Startup Communities by Brad Feld
These are the notes that I have taken from reading Startup Communities by Brad Feld. This isn’t meant to be a Cliff Notes version or a substitute for reading the book.
Additional notes I’ve taken while reading other books can be found here.
The leading source of job creation in the US comes from young companies starting up, growing and innovating.
Studies show that the geography of innovation is neither democratic nor flat. This is surprising since you would think that location matters less than ever since information can be sent/received from anywhere (and accessed anywhere). In theory, the relationship between place and innovation should be lower than ever. However, economic geographers observe the opposite - evidence suggests that location is more important than ever.
Three frameworks for explaining why some locations become hotbeds for entrepreneurship
-
External or agglomeration economies: Companies co-located in an area benefit from “external economies of scale” (i.e. emerging companies need common inputs like infrastructure, specialized legal and accounting services, labor pools, etc.) and the fixed costs of these resources is shared. This also includes network effects where the addition of an additional member to the network enhances the value of the network for existing members.
-
Horizontal Networks: Network effects are better leveraged by a community with a culture of openness and information sharing across companies / industries (i.e. Silicon Valley companies are able to better share information, adopt new trends, leverage innovation and nimbly respond to new conditions).
-
Creative Class: Creative Class individuals (entrepreneurs, engineers, professors, artists, etc.) want to live in nice places, enjoy a culture with a tolerance for new ideas and weirdness, and most of all - be around other creative class individuals (another example of network effects).

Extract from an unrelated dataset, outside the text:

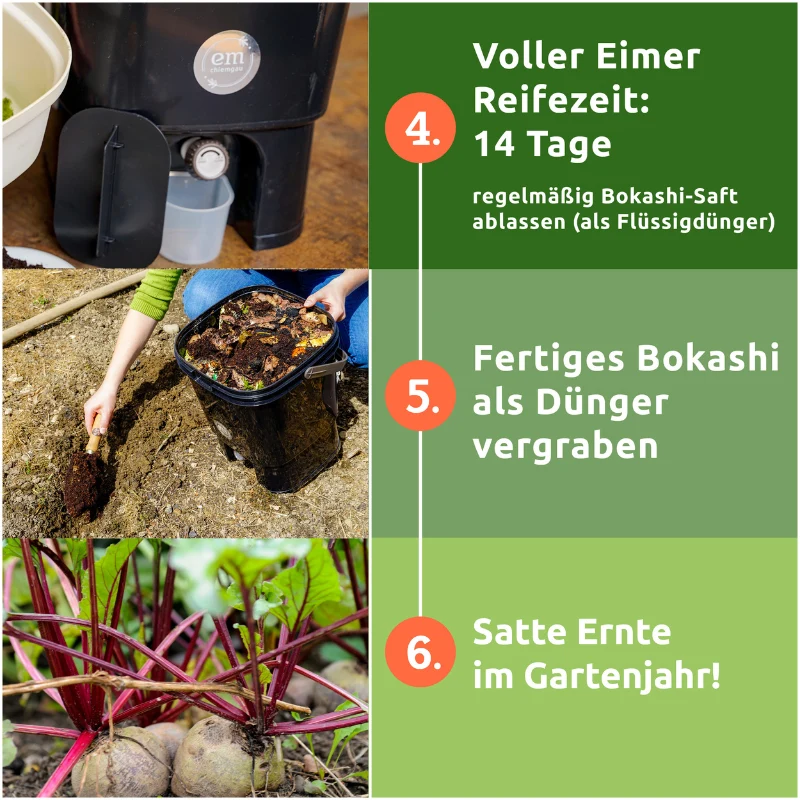Bokashi Meister Eimer - 15,3L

The fourth framework is the Boulder Thesis
- Entrepreneurs must lead the startup community. While government, universities, inventors, mentors and service providers are important - they can’t be the leaders.
- The leaders must have a long term commitment: 20 years from today (that the commitment resets daily) regardless of the economic cycle their community is currently in.

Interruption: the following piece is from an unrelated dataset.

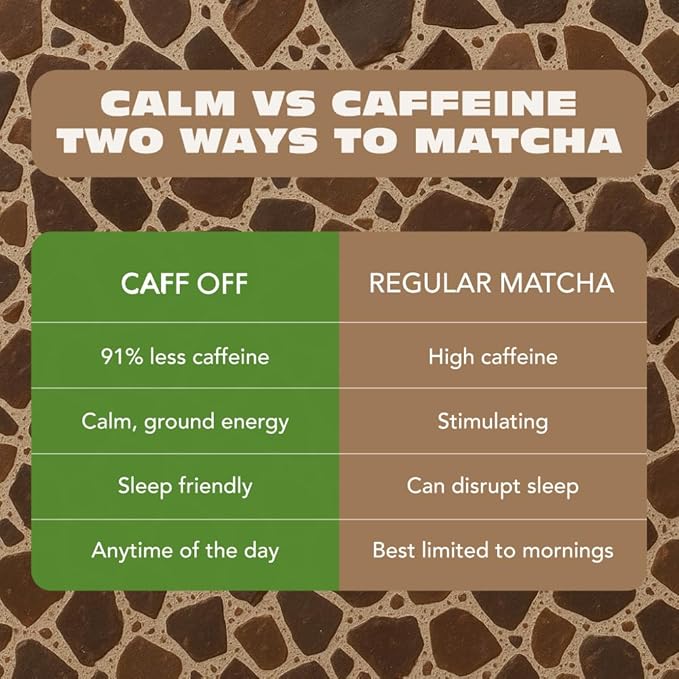 Caff Off Decaf Chocolate Matcha Green Tea Powder From Japan – 1.06 oz / 30 g – Ceremonial Grade &amp Sugar-Free – No Fillers or Milk Powders – Naturally Decaffeinated Without Chemicals – Tested for H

- The startup community must be inclusive of anyone who wants to participate in it.
- The startup community must have continual activities that engine the entire entrepreneurial stack.
“High Growth Entrepreneurial Companies” vs “Small Businesses”
Small businesses are local, profitable, slow growth and have a tight co-dependency on their community (and are often “pillars of the community”).
Entrepreneurial companies have the potential to be high growth, are only involved in the local community as employers and indirect contributors to small businesses and the local economy but their extreme focus on their companies keeps them from being involved in the broad business community
The Leaders
There is no “leader of the leaders” - the best startup communities are loosely organized and consist of broad, evolving networks of people. By having inclusive philosophies, it’s easy for new leaders to emerge organically.
Feeders (everyone else) are on different time cycles (e.g. two or four year cycle of the government) or different motivations (i.e. service providers can grow by increasing revenue from clients). Many entrepreneurs have families and struggle mightily with balancing work and the rest of their life - “leading their startup community” can sound like one more burden on top of an already overwhelming set of responsibilities. Entrepreneurial leaders need to be inclusive of any feeders that want to participate.
Universities (MIT’s close proximity to Cambridge/Boston/Route 128 and Stanford’s proximity to Silicon Valley) lead to the belief startup communities are dependent on a university. Universities provide students, professors, research labs, entrepreneurship programs and technology transfer offices. They can be a source of fresh blood, new thinking, and additional potential leaders.
The Mentor Manifesto
- Be socratic
- Expect nothing in return (you’ll be delighted with what you do get back)
- Be authentic / practice what you preach
- Be direct. tell the truth, however hard
- Listen too
- The best mentor relationships eventually become two way relationships
- Be responsive
- Adopt at least one company every single year
- Experience counts<
- Clearly separate opinion from fact
- Hold information in confidence
- Clearly commit to mentor or do not - either is fine
- Know what you don’t know - say “I don’t know” when you don’t know
- Guide, don’t control. Teams must make their own decisions. Guide but never tell them what to do. Understand that it’s their company, not yours.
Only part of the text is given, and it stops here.